What the task asks - Strip out the pictures and output each remaining line of the data word for word.

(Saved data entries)

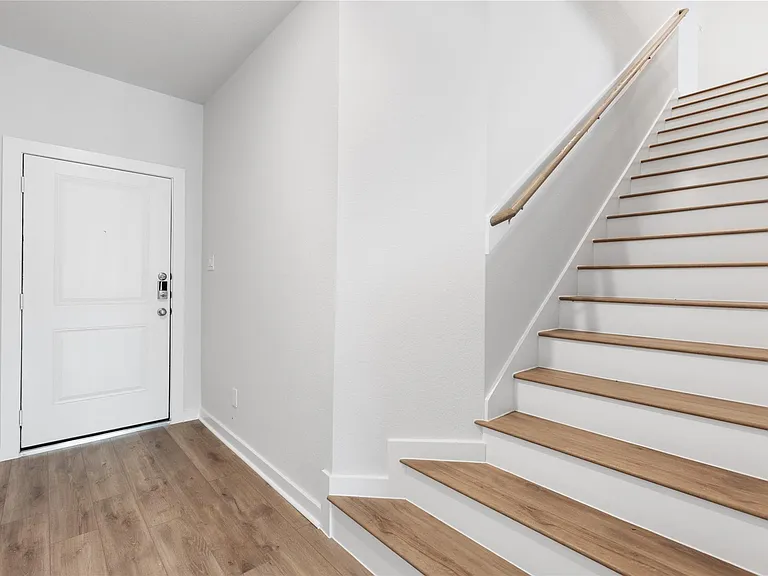 8104 Danson Ln — Photo 13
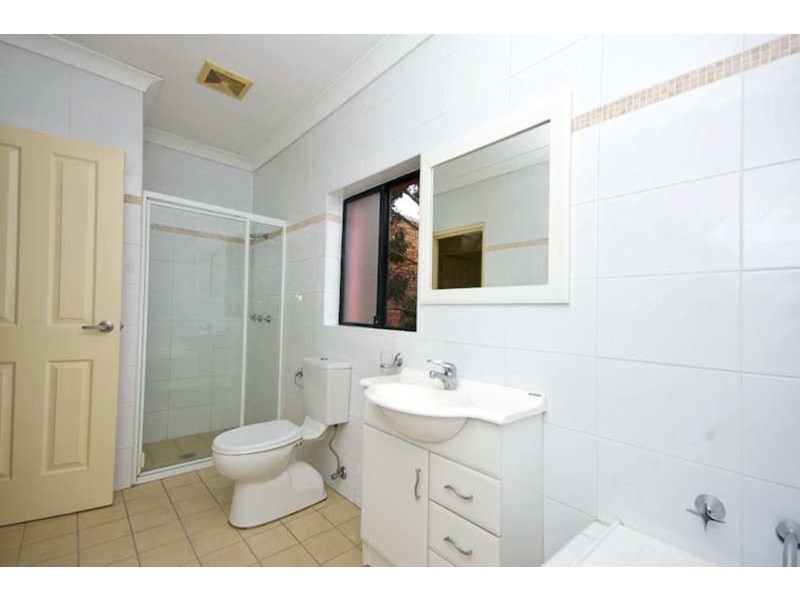 38/695 PUNCHBOWL (HIGHCLERE AVE ENTRANCE) Road, Punchbowl NSW 2196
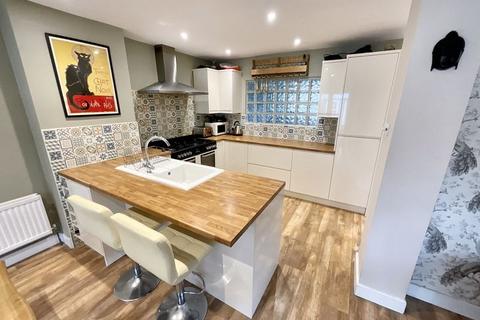 4 bedroom semi-detached house for sale, BURTON  CHRISTCHURCH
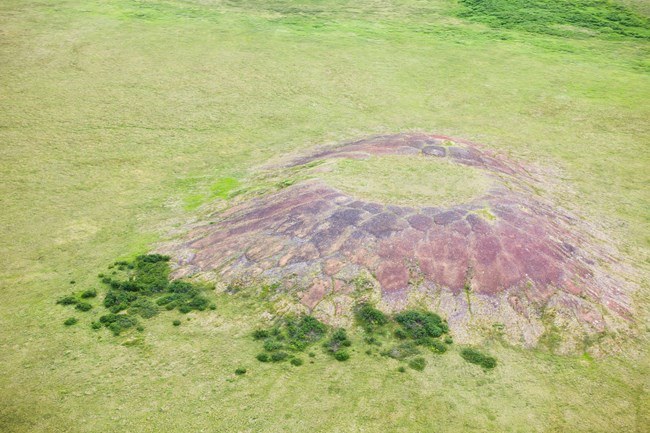Pingo di tundra Alaska, foto arsip NPS pada halaman Permafrost. Tanggal pemotretan tidak dicantumkan; halaman sumber diperbarui 17 Agustus 2023. Bukan kondisi lapangan terkini.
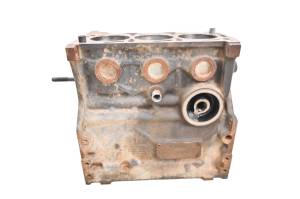 18 Cat CUV102D Crankcase Center Crank Case & Cylinders - Image 3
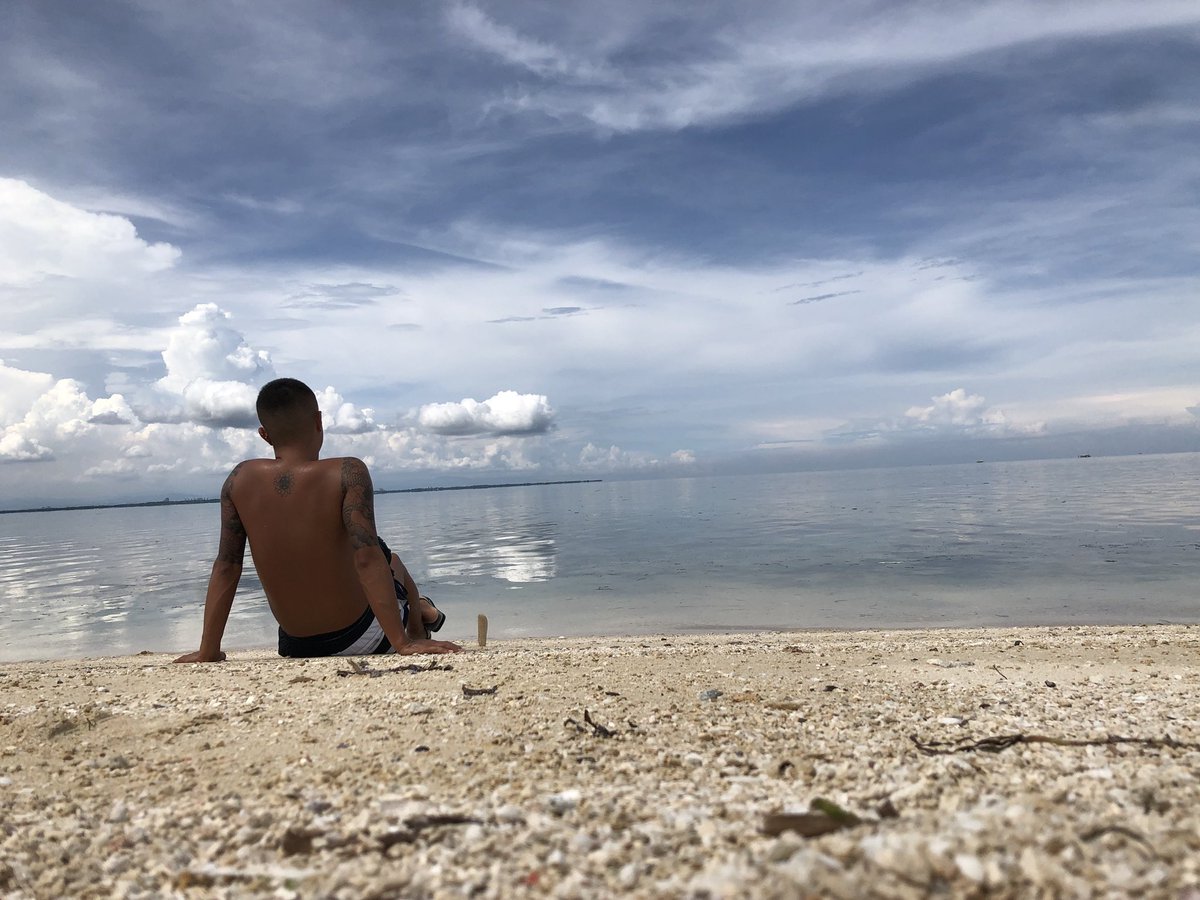 ryota_tsuboi's tweet photo. #cebu 10/16
#パンダノン島 #天国に一番近い島
雨季で雨予報なのに晴れた〜!!
晴れ男晴れ女のおかげ!!
#ibizabeachclub #cebu #cebuphilippines #cebuisland #cebueats #cebufood #cebutravel #cebu2018 #lapulapu #セブ #セブ島 #ラプラプシティ #熊谷 #kumagaya #酒クズ会 https://t.co/jUWEkjLP8C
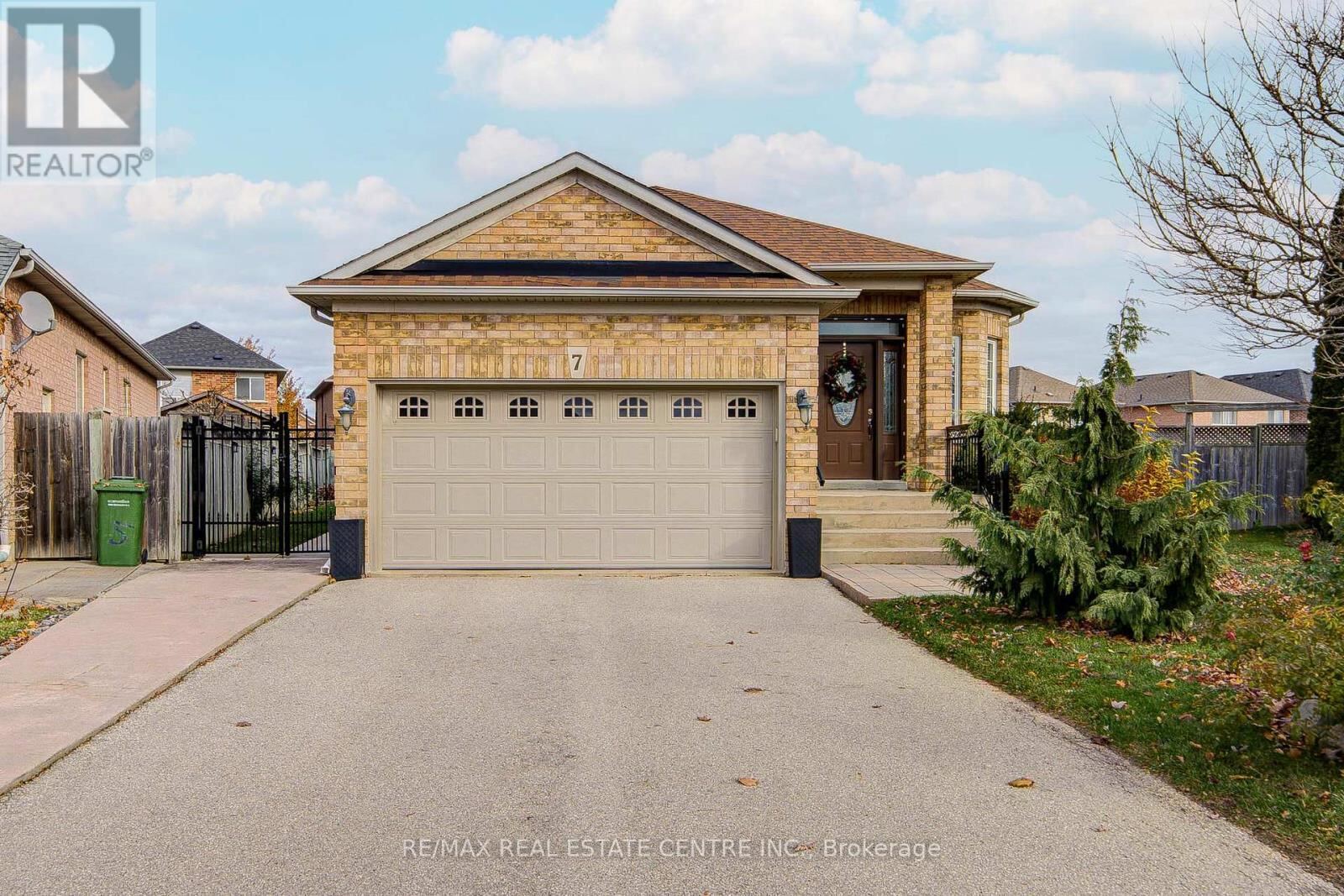 7 Carmichael Court, Caledon (Bolton West)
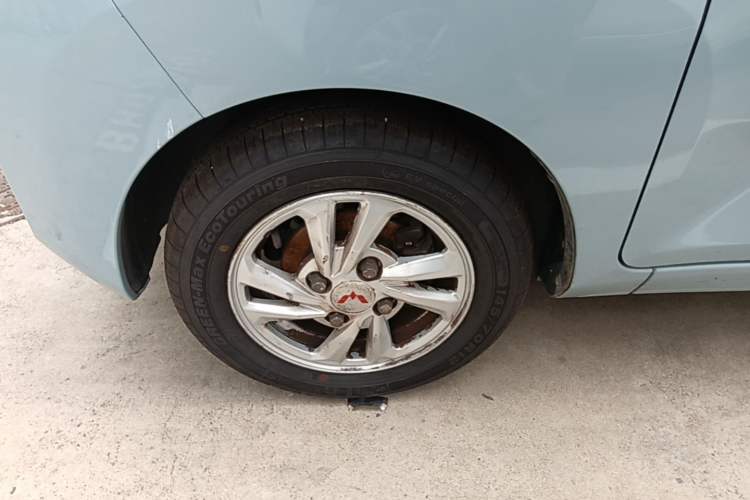 Used Wuling Hongguang MINIEV 2021 Macaron Fashion Model Lithium Iron Phosphate Left Front Wheel Hub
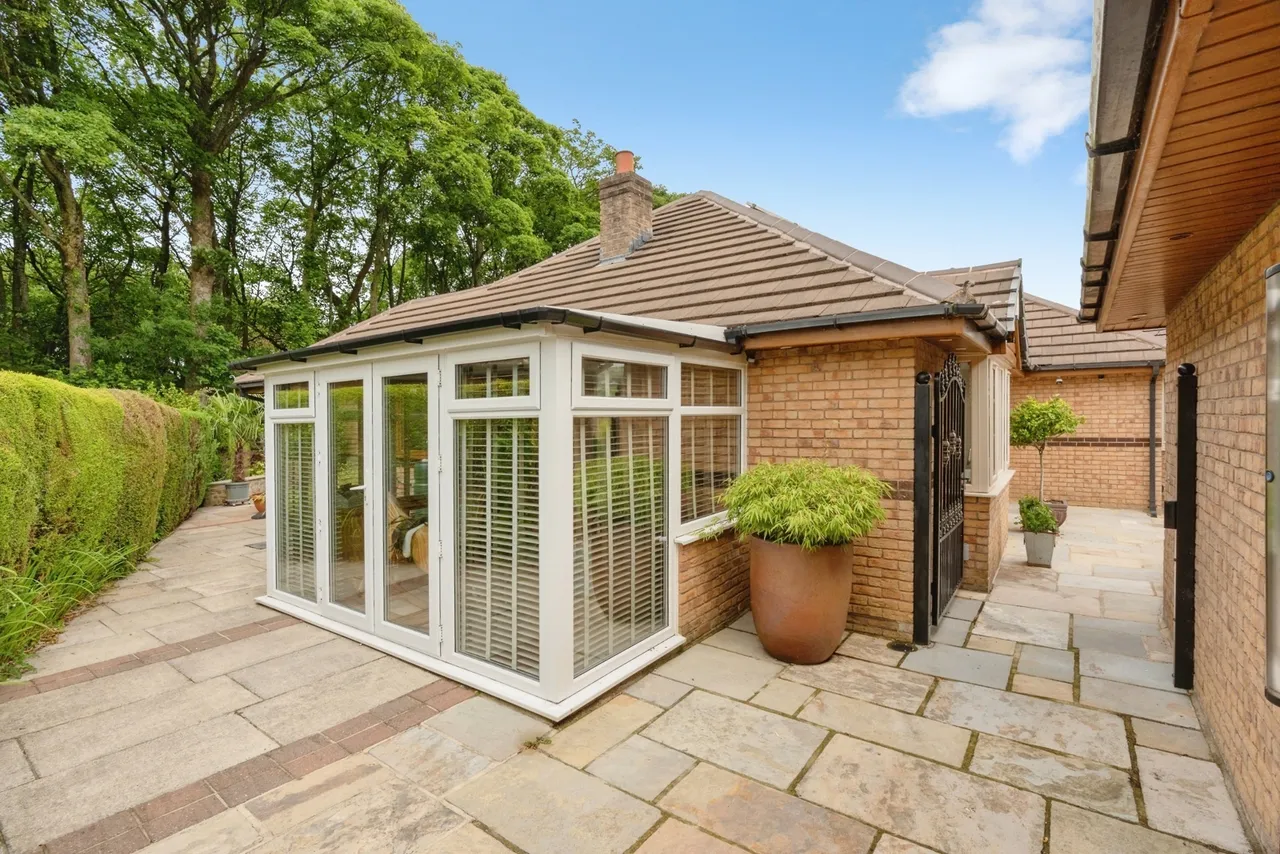 Thanet Lee Close, Cliviger, Burnley, Lancashire, BB10, photo 38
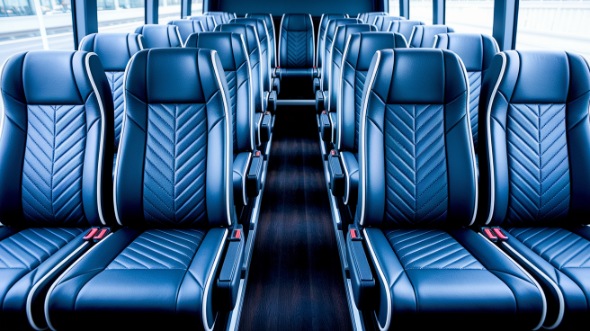 seattle 28 passenger minibus rental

Written response -
 8104 Danson Ln — Photo 13
 38/695 PUNCHBOWL (HIGHCLERE AVE ENTRANCE) Road, Punchbowl NSW 2196
 4 bedroom semi-detached house for sale, BURTON  CHRISTCHURCH
Pingo di tundra Alaska, foto arsip NPS pada halaman Permafrost. Tanggal pemotretan tidak dicantumkan; halaman sumber diperbarui 17 Agustus 2023. Bukan kondisi lapangan terkini.
 18 Cat CUV102D Crankcase Center Crank Case & Cylinders - Image 3
 ryota_tsuboi's tweet photo. #cebu 10/16
#パンダノン島 #天国に一番近い島
雨季で雨予報なのに晴れた〜!!
晴れ男晴れ女のおかげ!!
#ibizabeachclub #cebu #cebuphilippines #cebuisland #cebueats #cebufood #cebutravel #cebu2018 #lapulapu #セブ #セブ島 #ラプラプシティ #熊谷 #kumagaya #酒クズ会 https://t.co/jUWEkjLP8C
 7 Carmichael Court, Caledon (Bolton West)
 Used Wuling Hongguang MINIEV 2021 Macaron Fashion Model Lithium Iron Phosphate Left Front Wheel Hub
 Thanet Lee Close, Cliviger, Burnley, Lancashire, BB10, photo 38
 seattle 28 passenger minibus rental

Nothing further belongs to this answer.